To begin straightforwardly – writing about architecture in Edinburgh is proving more difficult than I had imagined. Before I moved up, I had thought that I would hardly need to try, that my hitherto uninspiring blog would reach new heights, spurred on by the sheer drama of Edinburgh’s built environment. I would, I had hoped, pen kaleidoscopic visions of the vertiginous tenements; I would ruminate on Arthur’s Seat, how it shadows the city like the shattered visage of a vanquished golem; I would rail against the violent orthodoxies of the Enlightenment embodied in the strict proportions of the neoclassical style.

The thing about neoclassical architecture is, it gets repetitive very quickly, and so too did all of the clichés which I and countless others have heaped upon Edinburgh’s back over its long and storied history. Enough breathless panegyrics and enraptured blog posts have been written about Edinburgh’s ‘landmarks’ to trammel up the channels of the internet for good, and trying to write about any one recognisable structure felt like a task already doomed to failure. Besides, I never really wanted to write about this city – or indeed any other city – in such a way.
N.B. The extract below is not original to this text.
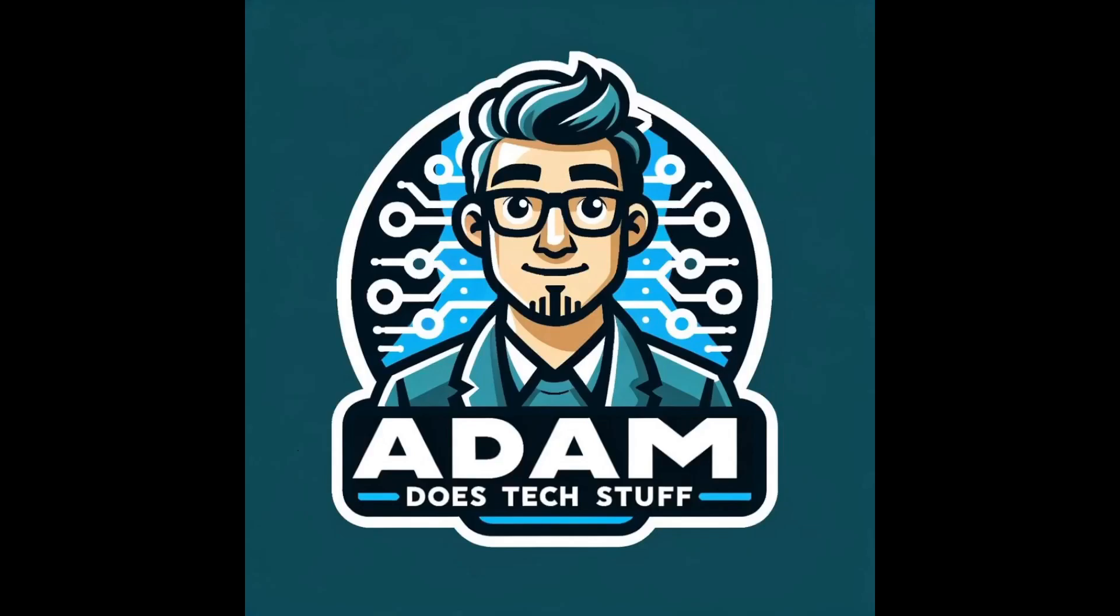Hey guys, welcome back to Adam Does Tech Stuff. Today we're going to be looking at how to enable DNSSEC for your GoDaddy domain with Cloudflare DNS. So let's jump in.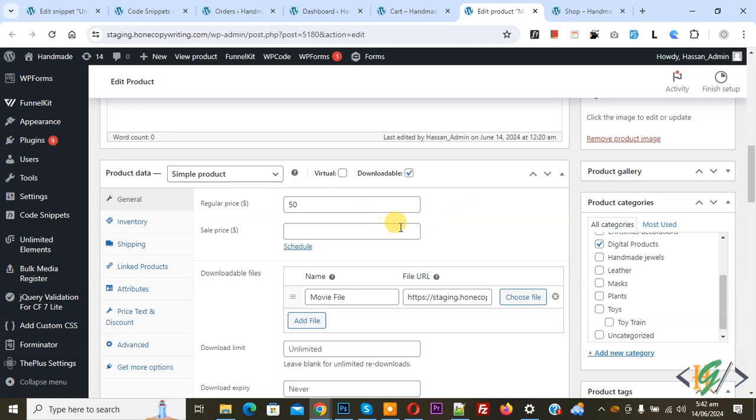This is our digital product and we enable downloadable. We are going to set order status on hold for all payment gateways we have for downloadable products. Now go to cart page.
For me, it’s always been the labyrinthine, the barely visible, the lurking presence of innumerable histories barely subsisting someway beneath the asphalt – the city as palimpsest. Mercifully, Edinburgh abounds in semi-legible signs, things rarely glimpsed, passages not taken, buried histories, choked but still breathing. An inexplicable gable, an ostensibly pointless alleyway, an indecipherable inscription, a strangely weathered piece of masonry. It is this side of Edinburgh – or rather, this strata of Edinburgh – which I’m hoping to begin to document here.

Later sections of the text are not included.